> I do not buy this argument. The error would be in misinterpreting the image and taking the unnecessary treatment, not in doing the test in the first place. How is there any benefit in having less information?
There is no 'perfect information' but instead there is noise with every signal. It feels like that shouldn't be true ('the picture shows exactly what is happening, right?') but there are several levels at which the 'truth' that is assessed in an MRI can be degraded that have nothing to do with misinterpretation.
Even 'misinterpretation' is tricky - if something is only sometimes going to cause a clinically bad outcome, commenting or not commenting isn't a question of interpretation but of personal practice standards.
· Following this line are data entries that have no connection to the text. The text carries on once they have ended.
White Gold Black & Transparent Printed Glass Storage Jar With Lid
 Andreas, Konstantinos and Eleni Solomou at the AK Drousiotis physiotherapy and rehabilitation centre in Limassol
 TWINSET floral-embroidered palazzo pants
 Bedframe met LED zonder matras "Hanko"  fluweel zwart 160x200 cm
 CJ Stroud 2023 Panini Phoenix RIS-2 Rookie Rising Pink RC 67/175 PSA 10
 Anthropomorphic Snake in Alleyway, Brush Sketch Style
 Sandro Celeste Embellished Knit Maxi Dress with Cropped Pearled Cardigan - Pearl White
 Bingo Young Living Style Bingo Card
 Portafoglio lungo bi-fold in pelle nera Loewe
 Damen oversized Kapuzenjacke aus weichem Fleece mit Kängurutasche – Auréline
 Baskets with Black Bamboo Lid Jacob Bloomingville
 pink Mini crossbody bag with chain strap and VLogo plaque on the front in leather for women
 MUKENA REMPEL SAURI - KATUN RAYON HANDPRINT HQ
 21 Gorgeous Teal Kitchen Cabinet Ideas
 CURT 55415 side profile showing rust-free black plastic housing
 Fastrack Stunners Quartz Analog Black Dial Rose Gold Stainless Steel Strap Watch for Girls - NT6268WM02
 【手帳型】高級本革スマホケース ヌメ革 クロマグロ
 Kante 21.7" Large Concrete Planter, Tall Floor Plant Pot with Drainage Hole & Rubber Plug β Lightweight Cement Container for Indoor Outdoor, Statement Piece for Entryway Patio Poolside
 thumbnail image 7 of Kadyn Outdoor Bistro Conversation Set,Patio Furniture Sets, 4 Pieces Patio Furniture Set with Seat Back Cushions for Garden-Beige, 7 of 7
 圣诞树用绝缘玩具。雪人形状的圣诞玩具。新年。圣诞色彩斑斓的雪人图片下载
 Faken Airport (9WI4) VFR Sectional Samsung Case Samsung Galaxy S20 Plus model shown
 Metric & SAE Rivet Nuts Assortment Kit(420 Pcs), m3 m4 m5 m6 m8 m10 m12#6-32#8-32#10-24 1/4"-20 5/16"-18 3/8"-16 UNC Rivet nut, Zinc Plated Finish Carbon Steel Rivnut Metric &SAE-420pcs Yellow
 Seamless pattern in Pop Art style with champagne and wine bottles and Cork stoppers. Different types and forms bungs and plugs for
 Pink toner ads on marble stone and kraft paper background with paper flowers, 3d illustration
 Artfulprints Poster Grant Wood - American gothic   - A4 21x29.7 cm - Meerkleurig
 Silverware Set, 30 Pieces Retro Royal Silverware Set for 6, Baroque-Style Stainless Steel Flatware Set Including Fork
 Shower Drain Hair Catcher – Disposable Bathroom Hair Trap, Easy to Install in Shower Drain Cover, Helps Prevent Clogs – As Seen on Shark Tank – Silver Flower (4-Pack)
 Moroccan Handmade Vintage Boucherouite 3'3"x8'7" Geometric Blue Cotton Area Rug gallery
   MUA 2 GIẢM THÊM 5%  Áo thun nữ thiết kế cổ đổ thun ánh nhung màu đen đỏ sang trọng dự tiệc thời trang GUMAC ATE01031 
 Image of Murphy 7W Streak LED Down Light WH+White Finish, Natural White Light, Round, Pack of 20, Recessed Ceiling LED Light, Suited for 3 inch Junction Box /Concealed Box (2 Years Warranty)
It’s definitely an imperfect signal, but we are capable of making decisions under conditions of noise and uncertainty. In other fields we would quantify the uncertainty, the consequences of making the error in either direction, and then act accordingly.
As a thought experiment, if MRI was as cheap and fast as testing blood pressure, do you think they’d still be given as rarely?
I think if we had a perfect tool where you can get MRI (and CT) data in the time it takes to get a blood pressure reading, it would only be used to detect slam-dunk diagnoses for further screening which is how we use blood pressure.
You’re assuming that we would skip this step, implicitly.
Now when would we do further screening? In a Bayesian framework, when we have a certain pre-test probability that we think we can improve to our desired level of post-test probability in order to take an action.
The fact that this is all automated doesn’t change our uncertainty about whether borderline calls should be targeted. Indeed, we’ll likely have more stringent criteria about things to ignore than are used today, and that may be worse for the small number of times we currently catch an actionable incidental finding.
And we’re not even beginning to consider cost, resource misuse, and the risks we’re incurring (an MRI machine isn’t safe to be around and costs a lot to maintain)
Edit: the things that kill people are smoking, heart disease, lack of exercise and poor diet. Targeting these is so much more useful than detecting a larger number of incidental findings
There is no 'perfect information' but instead there is noise with every signal. It feels like that shouldn't be true ('the picture shows exactly what is happening, right?') but there are several levels at which the 'truth' that is assessed in an MRI can be degraded that have nothing to do with misinterpretation.
Even 'misinterpretation' is tricky - if something is only sometimes going to cause a clinically bad outcome, commenting or not commenting isn't a question of interpretation but of personal practice standards.